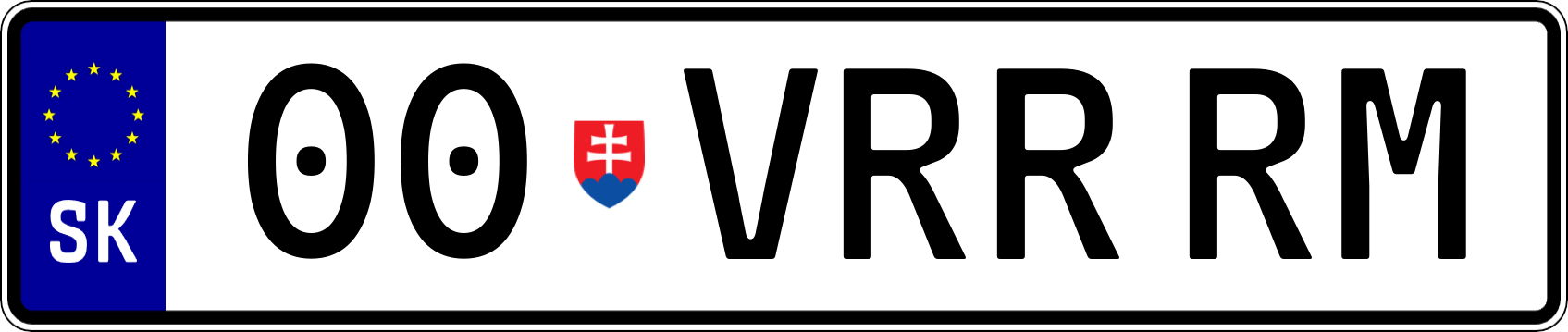 Typ IV - Bežný 1R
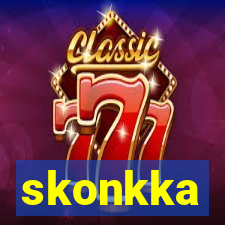 skonkka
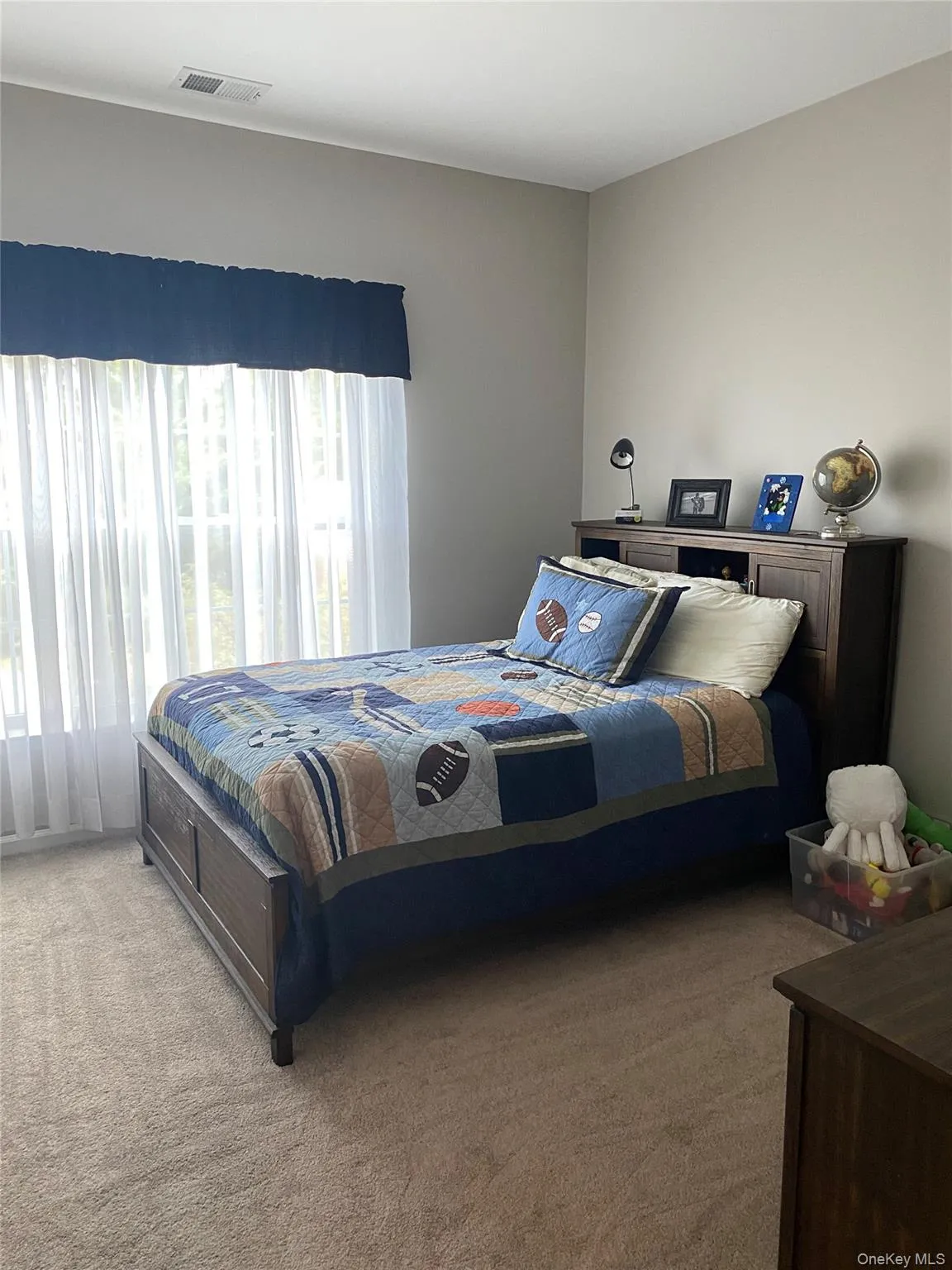 Second Bedroom Second Bedroom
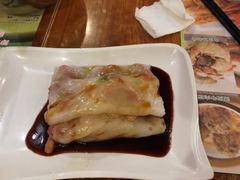 肠粉-添好运点心专门店(深水埗店)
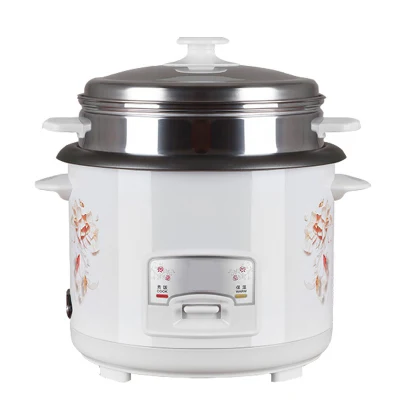 Mini Dormitory Rice Cooker for 3-4 People Mechanical Old-Fashioned Cooking Pot Non-Stick Gallbladder Rice Cooker Household Rice Cooker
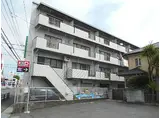 神奈川県平塚市 4階建 築39年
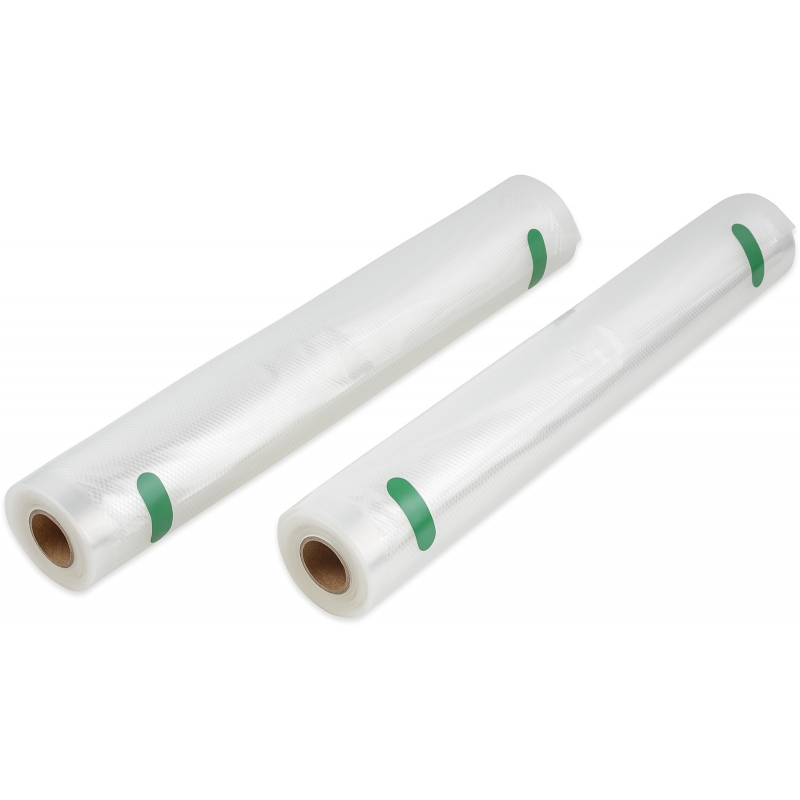 F�lie do vakuova�ky 28cm x 3m, 2 role, ETA 1762 0 0010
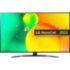 Телевизор ЖК 55" LG LG 55NANO766QA.ARUB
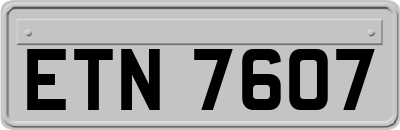 ETN7607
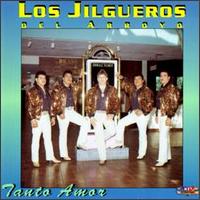 Jilgueros del Arroyo - Tanto Amor lyrics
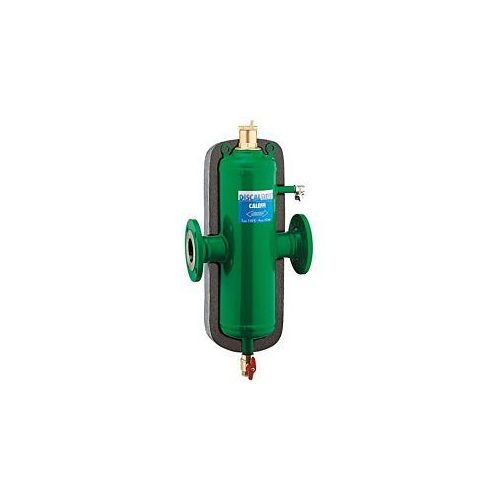 Caleffi Luft/Schlammabscheider 546150 DISCALDIRT, DN150 Flanschanschl., o. Iso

==========

— WHAT THE TASK REQUIRES —
Print the entries above word for word, without pictures.

— ANSWER TO THE EXERCISE —
 Typ IV - Bežný 1R
 skonkka
 Second Bedroom Second Bedroom
 肠粉-添好运点心专门店(深水埗店)
 Mini Dormitory Rice Cooker for 3-4 People Mechanical Old-Fashioned Cooking Pot Non-Stick Gallbladder Rice Cooker Household Rice Cooker
 神奈川県平塚市 4階建 築39年
 F�lie do vakuova�ky 28cm x 3m, 2 role, ETA 1762 0 0010
 Телевизор ЖК 55" LG LG 55NANO766QA.ARUB
 ETN7607
 Jilgueros del Arroyo - Tanto Amor lyrics
 Caleffi Luft/Schlammabscheider 546150 DISCALDIRT, DN150 Flanschanschl., o. Iso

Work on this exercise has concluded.